§ **PROBLEM DETAILS**
Your reply should reproduce all the data below exactly while excluding the pictures.

***** SOURCE INFORMATION

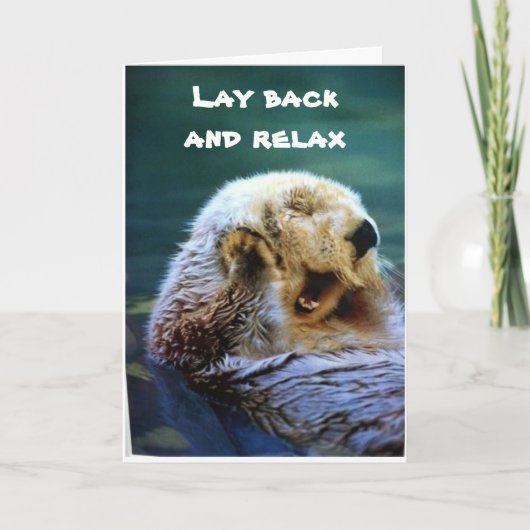 **50ste VERJAARDAG** LAAT JE HAAR ZAKKEN EN VIEREN Kaart (Voorkant)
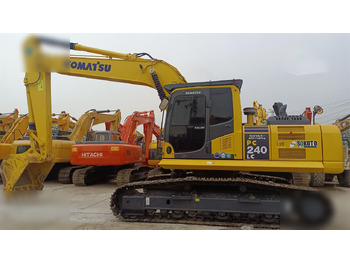 Ερπυστριοφόρος εκσκαφέας KOMATSU PC240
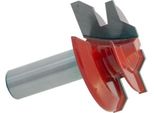 45° Metallo Duro Fresa Carbura Per Incastri Angolo Retto Diametro Attacco 12 Mm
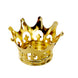 12 Pack | Gold Fillable Mini Crown Party Favor Candy Treat Containers - 3Inch#whtbkgd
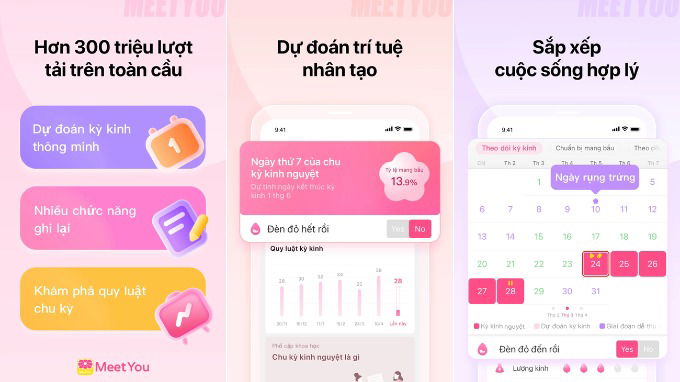 MeetYou phục vụ hơn 250 triệu người dùng toàn cầu với hệ sinh thái đa dạng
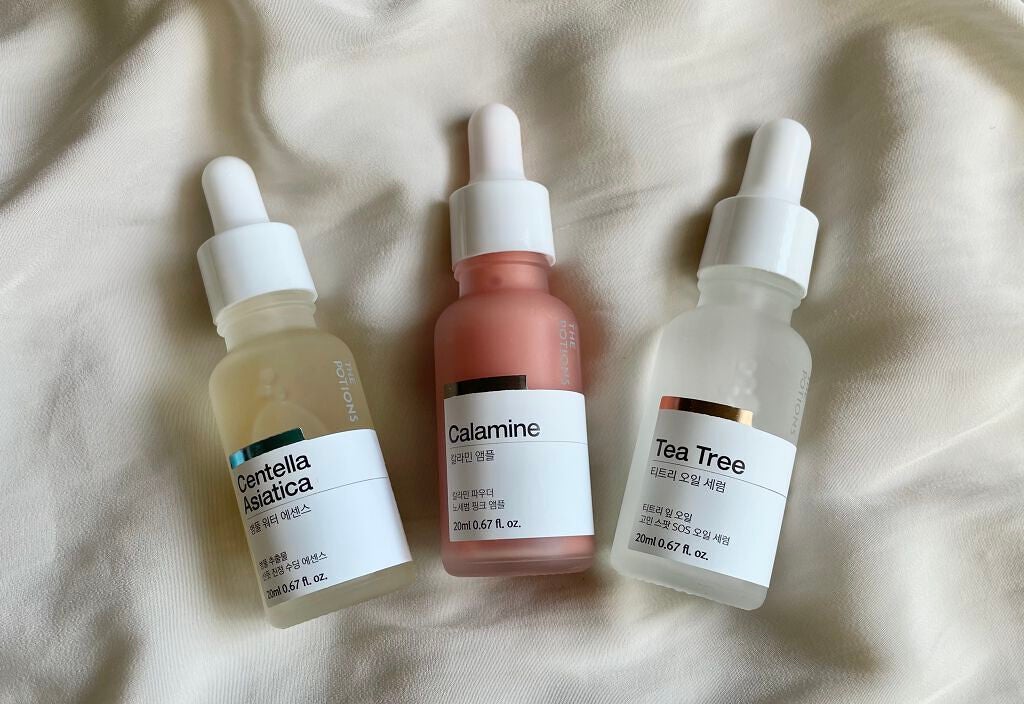 Centella Asiatica エッセンス/The Potions/美容液を使ったクチコミ(1枚目)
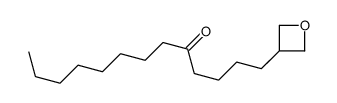 1-(oxetan-3-yl)tridecan-5-one结构式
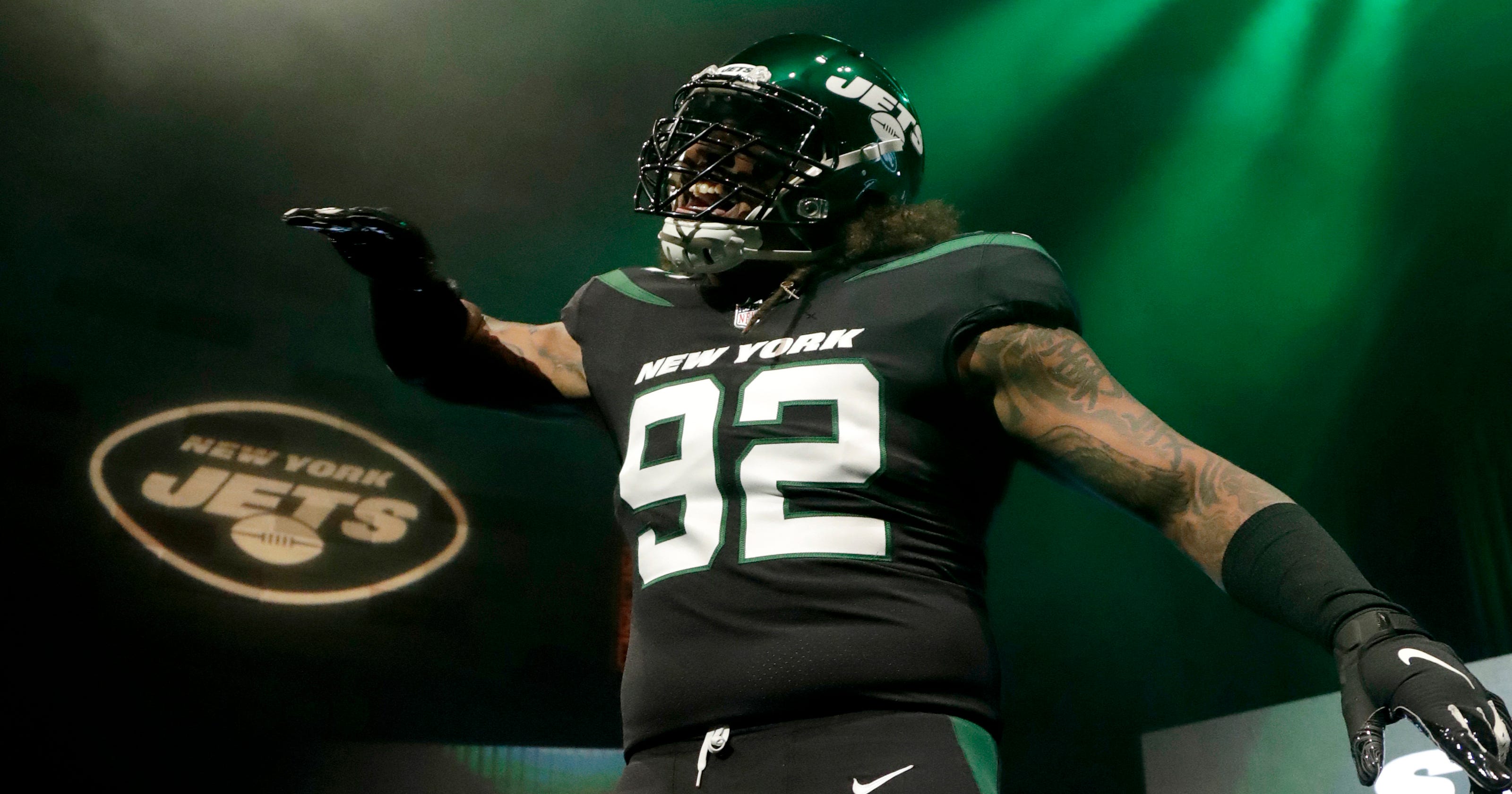 New York Jets unveil new uniforms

**********

§ **WRITTEN RESPONSE**
 **50ste VERJAARDAG** LAAT JE HAAR ZAKKEN EN VIEREN Kaart (Voorkant)
 Ερπυστριοφόρος εκσκαφέας KOMATSU PC240
 45° Metallo Duro Fresa Carbura Per Incastri Angolo Retto Diametro Attacco 12 Mm
 12 Pack | Gold Fillable Mini Crown Party Favor Candy Treat Containers - 3Inch#whtbkgd
 MeetYou phục vụ hơn 250 triệu người dùng toàn cầu với hệ sinh thái đa dạng
 Centella Asiatica エッセンス/The Potions/美容液を使ったクチコミ(1枚目)
 1-(oxetan-3-yl)tridecan-5-one结构式
 New York Jets unveil new uniforms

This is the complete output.